> _Exercise details_
Reproduce every entry precisely as written.

(Stored data entries)
○ ○ ○
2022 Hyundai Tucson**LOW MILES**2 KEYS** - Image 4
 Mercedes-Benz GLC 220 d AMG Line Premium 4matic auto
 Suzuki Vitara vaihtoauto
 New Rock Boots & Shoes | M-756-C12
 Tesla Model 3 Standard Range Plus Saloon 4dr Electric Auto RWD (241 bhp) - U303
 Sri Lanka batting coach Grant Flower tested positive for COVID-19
○ ○ ○
> _Written reply_
2022 Hyundai Tucson**LOW MILES**2 KEYS** - Image 4
 Mercedes-Benz GLC 220 d AMG Line Premium 4matic auto
 Suzuki Vitara vaihtoauto
 New Rock Boots & Shoes | M-756-C12
 Tesla Model 3 Standard Range Plus Saloon 4dr Electric Auto RWD (241 bhp) - U303
 Sri Lanka batting coach Grant Flower tested positive for COVID-19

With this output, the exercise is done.